From my European perspective – industriousness is primarily an American thing. Nothing wrong with it. It made us who we are. All of a sudden, we are painting our homes, attending virtual concerts, moving dirt around, building additions to our homes. We are super busy, all the time, every time, day and night, as if some sort of moral judgement awaits us at the end of each day ready to strike. I have no major projects to work on. No retaining walls to build, no paint jobs, no office remodeling projects, nothing to prove. I have already written a novel, so what should I write now? The restless ants working inside my brain are spilling into my sink and into the pages of my journal, feeding on the scattered leftovers of my past lives.
“I hate public displays of affection,” a woman I once loved used to tell me. It was embarrassing to be seen in public holding hands, to read Neruda or Leonard Cohen in the burned shadow of the Notre Dame cathedral, or to say I love you. Some of us have been practicing social distancing well before it became the law. My sink full of dishes disagrees that appearances must be kept at all cost.
And even if technology has been making us more connected than ever, we are still unable to live with ourselves. After the screens of our devices turn dark, after we run out of movies, after the music stops, reality kicks in like a long-lasting toothache. Only a few of our children know how to reach for their inner selves. They don’t know that aloneness is not loneliness; that aloneness is balance. There is an untranslatable Spanish word: “recogimiento” that is often mentioned when it comes to Borges. The blind poet is the ultimate embodiment of this concept. It has nothing to do with creating a prison within yourself. Living in “recogimiento” is about discovering your inner resources and opening the pantry of your soul, finding that even in the darkest hours, you have enough resources. I am not sure how one gets there, but if you do, your fears will stop translating into being busy all the time. Being busy is a type of avoiding our reflections in the vast army of mirrors surrounding us
This will be transformative for most of us. Yet, strangely, the Plague has no power over me except for making me look a little closer at myself. We, Americans, are a bit guilty of blindness, the type that comes with a sense of entitlement.
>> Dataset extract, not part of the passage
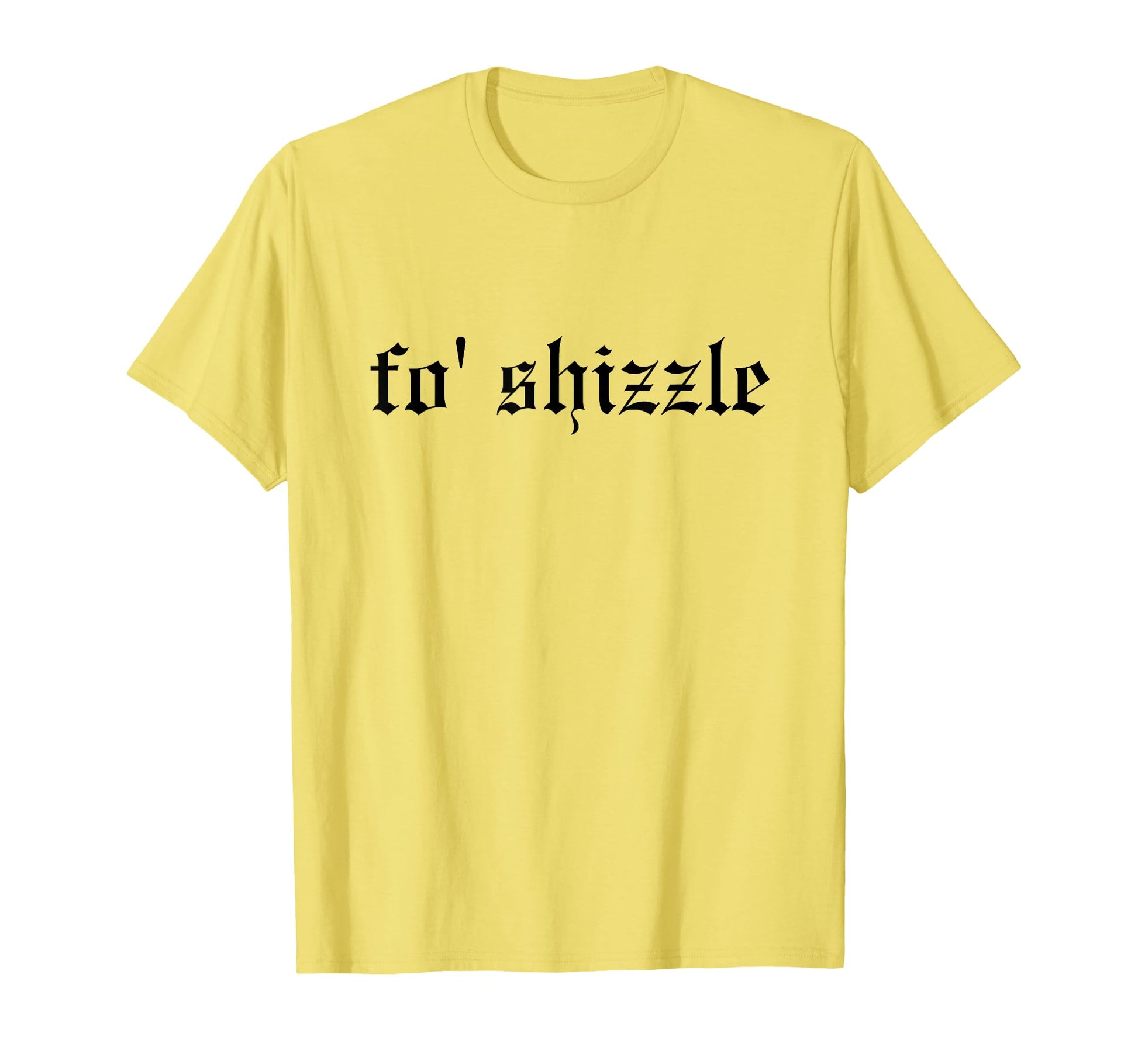 Fo Shizzle Funny Oldschool T-Shirt - Casual Everyday Wear for Adults - T-Shirt, Sweatshirt, Hoodie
Maybe the American dream needs to be power washed by a tragedy of this magnitude in order for us to wake up. Would it hurt to hold hands again? To pay a little more attention? A little bit more than during the last world war, when we kept dancing to Artie Shaw while the ovens of Auschwitz were working nonstop. A little bit more than after 9/11, when we realized that we were not a happy island anymore. Maybe that’s a type of contribution we could all make while allowing our selves to be filtered through this tragedy. From our self-centered insularity of the beautiful area of Connecticut we live in, maybe it’s time to start learning the names of our neighbors, to have real conversations and meaningful relationships, to do more for each other, to hold hands, to say I love you, to realize that each of us are insanely wealthy just because we are able to open our eyes every morning.